Een stel gaat ’s avonds uit eten. Hun trouwe doberman blijft alleen achter om op het huis te passen. Als het stel die avond laat weer thuiskomt, vertoont de hond braakneigingen en heeft het benauwd. Bezorgd gaat men met de hond naar een dierenarts.
De dierenarts kan niet meteen de oorzaak vinden, maar besluit de hond een braakmiddel te geven omdat hem duidelijk iets dwars zit. Na enige tijd braakt de hond een menselijke wijsvinger uit. Snel belt de man naar huis. Hij vertelt zijn vrouw dat ze onmiddellijk het huis moet verlaten. Daarna belt hij de politie.

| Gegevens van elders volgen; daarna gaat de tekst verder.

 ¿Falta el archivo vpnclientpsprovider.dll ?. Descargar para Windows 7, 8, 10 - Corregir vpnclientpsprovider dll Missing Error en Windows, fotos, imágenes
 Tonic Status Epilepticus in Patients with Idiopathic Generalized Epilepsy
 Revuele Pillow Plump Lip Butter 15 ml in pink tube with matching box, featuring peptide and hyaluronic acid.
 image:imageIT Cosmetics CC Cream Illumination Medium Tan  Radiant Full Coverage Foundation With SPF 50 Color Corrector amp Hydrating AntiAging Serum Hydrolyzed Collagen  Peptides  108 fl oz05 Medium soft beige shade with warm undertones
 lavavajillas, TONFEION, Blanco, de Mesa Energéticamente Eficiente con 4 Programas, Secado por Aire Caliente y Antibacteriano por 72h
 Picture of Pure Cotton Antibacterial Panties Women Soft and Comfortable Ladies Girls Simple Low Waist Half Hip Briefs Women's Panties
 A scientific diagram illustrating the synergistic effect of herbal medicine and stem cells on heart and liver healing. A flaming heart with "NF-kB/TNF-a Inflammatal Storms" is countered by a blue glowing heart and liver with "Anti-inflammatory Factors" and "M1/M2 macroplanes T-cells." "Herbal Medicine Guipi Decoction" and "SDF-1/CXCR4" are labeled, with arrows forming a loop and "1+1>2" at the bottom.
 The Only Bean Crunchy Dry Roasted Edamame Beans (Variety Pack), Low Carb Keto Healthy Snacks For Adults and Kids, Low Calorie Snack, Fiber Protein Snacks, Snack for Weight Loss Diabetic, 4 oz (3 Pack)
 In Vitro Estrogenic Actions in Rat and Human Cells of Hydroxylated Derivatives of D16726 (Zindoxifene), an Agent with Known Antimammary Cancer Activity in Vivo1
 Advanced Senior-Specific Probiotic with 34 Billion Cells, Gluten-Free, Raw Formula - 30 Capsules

Wanneer zij het huis van het stel grondig onderzoeken, ontdekken ze in de slaapkamer een doodgebeten, zwaar verminkte inbreker.
Waar of niet waar?
Niet waar. Een van de boeken van de befaamde Amerikaanse folklorist Jan Harold Brunvand heet zelfs ‘The choking Doberman’.
Overigens zijn er ook variaties op dit verhaal waarin de inbreker het er levend afbrengt: verstopt in de badkamer of bewusteloos in een klerenkast.